Muy fácil es despellejar al piloto. Nada más fácil. Porque la pita siempre se rompe por la parte más delgada. Mas, sin perjuicio de la responsabilidad que puedan tener los conductores en ese tipo de accidentes, hay otros factores que deben tomarse en cuenta. Acerca de ello vale la pena discernir en estos momentos de dolor.
El primero es atinente a las condiciones de salud de los conductores. Me refiero a la salud física y emocional. Es un secreto a voces su entorno laboral: largas jornadas de trabajo, consumo de anfetaminas para no dormir, lugares inadecuados para descansar (en el mismo tráiler la mayoría de las veces) y sus crisis existenciales en cuanto el sentido de su vida y de su futuro, muchas veces generadas por el exiguo salario que reciben.
El segundo es concerniente al estado de los vehículos. Semejantes moles deberían estar estrictamente supervisadas en cuanto a su mantenimiento preventivo. Me refiero a los frenos, su sistema de dirección, condiciones de las llantas, sistema de luces, espejos, etc. Los empresarios, los dueños de los vehículos, tendrían que entrar en intelección de que un mantenimiento adecuado no solo evita accidentes, sino también reduce costos de operaciones.
El tercero es referente a la constante educación vial que pilotos, ayudantes y jefes de operaciones de los transportes tendrían que tener como pan de cada día. La educación vial es toda una teoría que «se relaciona principalmente con la convivencia adecuada de los diferentes vehículos, del manejo de los mismos frente a la presencia de fenómenos específicos y del cuidado primordial del bienestar del transeúnte». Pero no. Siempre no. En Guatemala, como en otros estamentos de nuestra sociedad, quien tiene el vehículo más grande es el que pasa primero y se atreve a desafiar hasta a la mismísima policía de tránsito.

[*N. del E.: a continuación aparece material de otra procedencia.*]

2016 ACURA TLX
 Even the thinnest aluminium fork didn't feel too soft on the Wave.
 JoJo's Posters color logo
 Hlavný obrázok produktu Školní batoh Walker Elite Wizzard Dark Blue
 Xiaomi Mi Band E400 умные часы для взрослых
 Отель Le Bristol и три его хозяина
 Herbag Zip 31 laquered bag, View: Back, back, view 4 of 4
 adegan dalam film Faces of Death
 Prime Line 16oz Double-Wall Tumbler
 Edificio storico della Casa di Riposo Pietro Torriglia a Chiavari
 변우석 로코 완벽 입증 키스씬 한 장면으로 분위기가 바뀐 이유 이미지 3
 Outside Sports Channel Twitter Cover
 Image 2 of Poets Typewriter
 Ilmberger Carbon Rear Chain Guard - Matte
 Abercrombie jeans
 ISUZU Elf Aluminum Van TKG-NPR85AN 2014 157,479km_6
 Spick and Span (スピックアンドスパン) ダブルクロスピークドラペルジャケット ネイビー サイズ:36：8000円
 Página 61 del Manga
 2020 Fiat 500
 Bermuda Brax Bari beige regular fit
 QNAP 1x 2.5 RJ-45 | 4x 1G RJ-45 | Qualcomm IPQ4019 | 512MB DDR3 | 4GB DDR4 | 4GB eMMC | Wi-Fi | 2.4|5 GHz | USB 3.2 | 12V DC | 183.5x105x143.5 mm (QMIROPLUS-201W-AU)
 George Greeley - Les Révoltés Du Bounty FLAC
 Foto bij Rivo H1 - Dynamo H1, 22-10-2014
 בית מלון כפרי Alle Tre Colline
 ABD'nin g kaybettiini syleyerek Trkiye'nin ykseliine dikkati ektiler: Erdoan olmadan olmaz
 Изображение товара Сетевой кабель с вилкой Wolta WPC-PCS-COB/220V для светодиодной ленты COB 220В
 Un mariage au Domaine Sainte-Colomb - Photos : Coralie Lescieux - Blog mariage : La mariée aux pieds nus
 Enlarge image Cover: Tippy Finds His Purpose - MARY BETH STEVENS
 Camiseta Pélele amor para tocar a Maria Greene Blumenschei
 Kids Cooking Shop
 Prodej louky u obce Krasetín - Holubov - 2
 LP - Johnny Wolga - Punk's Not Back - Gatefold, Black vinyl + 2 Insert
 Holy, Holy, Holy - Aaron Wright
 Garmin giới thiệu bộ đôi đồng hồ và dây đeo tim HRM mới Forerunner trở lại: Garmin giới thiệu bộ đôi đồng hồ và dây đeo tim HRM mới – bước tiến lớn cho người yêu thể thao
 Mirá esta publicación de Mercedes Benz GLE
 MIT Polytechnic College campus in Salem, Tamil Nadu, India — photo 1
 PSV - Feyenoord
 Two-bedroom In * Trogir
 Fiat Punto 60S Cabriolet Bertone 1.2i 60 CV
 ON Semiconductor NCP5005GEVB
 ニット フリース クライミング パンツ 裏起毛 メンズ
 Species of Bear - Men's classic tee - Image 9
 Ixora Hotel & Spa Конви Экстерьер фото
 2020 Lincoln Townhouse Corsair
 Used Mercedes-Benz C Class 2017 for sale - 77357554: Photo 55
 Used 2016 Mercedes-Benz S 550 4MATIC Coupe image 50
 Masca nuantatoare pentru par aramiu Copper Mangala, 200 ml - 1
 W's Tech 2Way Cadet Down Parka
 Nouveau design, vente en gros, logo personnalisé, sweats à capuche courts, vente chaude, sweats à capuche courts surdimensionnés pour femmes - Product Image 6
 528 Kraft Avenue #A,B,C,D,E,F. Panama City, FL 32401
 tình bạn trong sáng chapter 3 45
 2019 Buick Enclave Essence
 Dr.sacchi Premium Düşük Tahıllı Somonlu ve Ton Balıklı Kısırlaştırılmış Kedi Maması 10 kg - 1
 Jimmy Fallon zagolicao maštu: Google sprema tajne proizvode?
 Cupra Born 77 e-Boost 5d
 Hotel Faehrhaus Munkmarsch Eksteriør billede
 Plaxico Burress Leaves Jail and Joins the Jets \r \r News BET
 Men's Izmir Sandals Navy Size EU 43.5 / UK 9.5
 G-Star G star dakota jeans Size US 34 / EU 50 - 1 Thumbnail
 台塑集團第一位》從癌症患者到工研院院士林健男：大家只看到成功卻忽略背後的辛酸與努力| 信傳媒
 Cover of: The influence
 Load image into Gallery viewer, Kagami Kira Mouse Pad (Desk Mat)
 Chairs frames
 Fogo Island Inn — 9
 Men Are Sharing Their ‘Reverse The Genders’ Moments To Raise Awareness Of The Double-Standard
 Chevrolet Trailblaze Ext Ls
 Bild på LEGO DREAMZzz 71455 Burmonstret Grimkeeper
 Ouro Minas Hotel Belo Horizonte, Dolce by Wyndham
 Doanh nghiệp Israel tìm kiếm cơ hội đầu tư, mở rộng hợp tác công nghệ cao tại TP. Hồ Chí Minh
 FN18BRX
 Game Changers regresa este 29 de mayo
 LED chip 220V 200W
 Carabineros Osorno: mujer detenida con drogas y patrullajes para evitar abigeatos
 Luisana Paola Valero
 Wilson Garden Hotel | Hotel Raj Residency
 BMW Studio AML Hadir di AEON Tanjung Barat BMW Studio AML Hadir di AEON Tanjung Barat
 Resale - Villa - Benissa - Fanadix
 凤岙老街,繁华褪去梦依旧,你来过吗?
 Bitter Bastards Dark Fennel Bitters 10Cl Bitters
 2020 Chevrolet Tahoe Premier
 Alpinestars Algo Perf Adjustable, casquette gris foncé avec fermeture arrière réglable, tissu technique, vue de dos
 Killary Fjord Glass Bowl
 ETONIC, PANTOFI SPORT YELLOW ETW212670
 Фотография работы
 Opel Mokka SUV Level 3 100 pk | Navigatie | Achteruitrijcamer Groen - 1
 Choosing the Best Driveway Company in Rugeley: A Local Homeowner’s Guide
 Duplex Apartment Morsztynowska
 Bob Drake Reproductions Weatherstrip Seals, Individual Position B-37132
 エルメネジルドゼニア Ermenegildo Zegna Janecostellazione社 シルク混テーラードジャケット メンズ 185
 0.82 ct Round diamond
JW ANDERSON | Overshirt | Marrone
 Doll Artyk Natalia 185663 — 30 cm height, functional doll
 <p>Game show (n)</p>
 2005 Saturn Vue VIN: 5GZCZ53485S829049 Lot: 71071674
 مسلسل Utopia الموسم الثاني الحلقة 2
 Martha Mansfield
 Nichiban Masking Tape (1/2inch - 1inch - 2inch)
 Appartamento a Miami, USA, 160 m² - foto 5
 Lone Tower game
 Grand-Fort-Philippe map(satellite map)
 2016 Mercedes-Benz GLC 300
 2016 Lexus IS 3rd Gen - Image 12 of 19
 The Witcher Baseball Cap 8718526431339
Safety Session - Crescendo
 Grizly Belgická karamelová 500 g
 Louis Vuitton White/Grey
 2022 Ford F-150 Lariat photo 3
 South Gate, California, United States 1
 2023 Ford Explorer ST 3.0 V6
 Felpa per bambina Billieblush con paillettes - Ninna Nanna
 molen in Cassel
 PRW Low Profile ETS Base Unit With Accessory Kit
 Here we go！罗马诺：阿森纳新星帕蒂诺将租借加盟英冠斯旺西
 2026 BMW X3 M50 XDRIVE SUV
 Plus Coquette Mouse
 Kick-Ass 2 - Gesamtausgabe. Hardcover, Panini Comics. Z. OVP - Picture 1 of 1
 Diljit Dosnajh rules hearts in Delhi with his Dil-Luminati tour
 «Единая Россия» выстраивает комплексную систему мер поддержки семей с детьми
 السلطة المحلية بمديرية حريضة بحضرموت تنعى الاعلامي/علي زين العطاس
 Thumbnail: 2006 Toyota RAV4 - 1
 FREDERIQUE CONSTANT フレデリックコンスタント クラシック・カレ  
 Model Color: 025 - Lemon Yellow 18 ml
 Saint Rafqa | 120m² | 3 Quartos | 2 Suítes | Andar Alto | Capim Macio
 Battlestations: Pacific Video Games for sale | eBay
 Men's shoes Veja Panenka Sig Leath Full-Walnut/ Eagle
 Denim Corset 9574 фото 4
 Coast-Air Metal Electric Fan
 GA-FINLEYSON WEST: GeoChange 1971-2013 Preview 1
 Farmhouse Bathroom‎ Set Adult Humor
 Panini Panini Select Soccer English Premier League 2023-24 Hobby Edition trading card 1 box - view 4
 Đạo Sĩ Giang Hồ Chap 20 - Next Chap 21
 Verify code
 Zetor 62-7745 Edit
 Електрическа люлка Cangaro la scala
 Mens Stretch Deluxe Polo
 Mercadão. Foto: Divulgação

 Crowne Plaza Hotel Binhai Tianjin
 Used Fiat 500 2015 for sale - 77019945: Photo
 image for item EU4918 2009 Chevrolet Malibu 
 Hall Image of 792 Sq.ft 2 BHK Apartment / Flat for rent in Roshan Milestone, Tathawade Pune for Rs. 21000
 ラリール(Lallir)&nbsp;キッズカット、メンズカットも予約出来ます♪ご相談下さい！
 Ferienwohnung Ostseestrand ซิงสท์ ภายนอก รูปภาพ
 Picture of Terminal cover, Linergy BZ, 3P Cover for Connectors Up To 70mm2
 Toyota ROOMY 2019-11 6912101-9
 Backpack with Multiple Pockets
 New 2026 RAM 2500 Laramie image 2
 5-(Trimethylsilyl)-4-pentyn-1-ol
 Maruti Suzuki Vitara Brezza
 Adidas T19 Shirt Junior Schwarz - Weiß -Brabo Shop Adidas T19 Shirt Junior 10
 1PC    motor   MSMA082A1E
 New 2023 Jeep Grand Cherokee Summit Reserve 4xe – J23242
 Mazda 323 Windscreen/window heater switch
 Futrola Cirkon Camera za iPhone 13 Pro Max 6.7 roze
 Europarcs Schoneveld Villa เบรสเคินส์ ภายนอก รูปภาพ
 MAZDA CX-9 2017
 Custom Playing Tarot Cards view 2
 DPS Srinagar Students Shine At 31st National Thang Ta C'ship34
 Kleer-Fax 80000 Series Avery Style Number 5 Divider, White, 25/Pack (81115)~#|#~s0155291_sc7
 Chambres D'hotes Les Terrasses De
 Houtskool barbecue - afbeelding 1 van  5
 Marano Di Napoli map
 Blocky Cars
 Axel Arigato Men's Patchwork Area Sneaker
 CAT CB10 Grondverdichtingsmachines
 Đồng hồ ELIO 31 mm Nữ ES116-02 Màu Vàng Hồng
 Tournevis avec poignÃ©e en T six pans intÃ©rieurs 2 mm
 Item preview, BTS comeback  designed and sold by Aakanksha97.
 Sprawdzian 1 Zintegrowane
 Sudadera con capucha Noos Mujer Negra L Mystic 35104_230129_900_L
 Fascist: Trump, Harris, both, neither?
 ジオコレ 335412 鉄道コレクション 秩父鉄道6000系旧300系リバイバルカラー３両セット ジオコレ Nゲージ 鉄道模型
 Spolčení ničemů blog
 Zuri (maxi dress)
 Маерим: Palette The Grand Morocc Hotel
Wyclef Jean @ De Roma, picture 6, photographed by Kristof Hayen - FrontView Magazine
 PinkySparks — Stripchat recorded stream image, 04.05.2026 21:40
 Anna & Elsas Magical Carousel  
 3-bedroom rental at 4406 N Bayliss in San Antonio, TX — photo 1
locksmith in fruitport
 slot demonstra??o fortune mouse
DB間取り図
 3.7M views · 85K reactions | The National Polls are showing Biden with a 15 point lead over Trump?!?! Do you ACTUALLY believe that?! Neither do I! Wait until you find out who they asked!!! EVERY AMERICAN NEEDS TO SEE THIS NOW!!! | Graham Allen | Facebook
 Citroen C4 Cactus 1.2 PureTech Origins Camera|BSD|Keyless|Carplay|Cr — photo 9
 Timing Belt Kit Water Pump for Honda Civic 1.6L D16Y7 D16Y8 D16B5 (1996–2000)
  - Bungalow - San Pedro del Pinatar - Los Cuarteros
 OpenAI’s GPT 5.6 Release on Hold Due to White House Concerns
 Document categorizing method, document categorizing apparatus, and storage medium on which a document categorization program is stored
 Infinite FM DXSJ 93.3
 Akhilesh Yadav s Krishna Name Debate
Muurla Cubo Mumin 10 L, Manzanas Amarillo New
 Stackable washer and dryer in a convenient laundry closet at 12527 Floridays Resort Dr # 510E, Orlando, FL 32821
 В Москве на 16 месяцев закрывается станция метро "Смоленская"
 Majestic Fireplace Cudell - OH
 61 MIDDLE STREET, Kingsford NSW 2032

Y por último, el tema de qué carretera tiene las condiciones para que este tipo de transporte pase por ella. Yo he visto vehículos enormes transitando en ciertos tramos de la ruta nacional 7 W como si estuvieran circulando en una autopista.
De esa cuenta (todo lo referido), en Guatemala no hay día, no hay semana, no hay mes en que un accidente no cobre vidas de guatemaltecos. En la mayoría de ellos, el transporte pesado está de por medio.
A manera de colofón, ¿quién repara los daños ocasionados a la infraestructura vial en esas hecatombes? Ojalá no seamos nosotros, los ciudadanos de a pie y quienes sí cumplimos con el pago de nuestros impuestos.
Hasta la próxima semana si Dios nos los permite.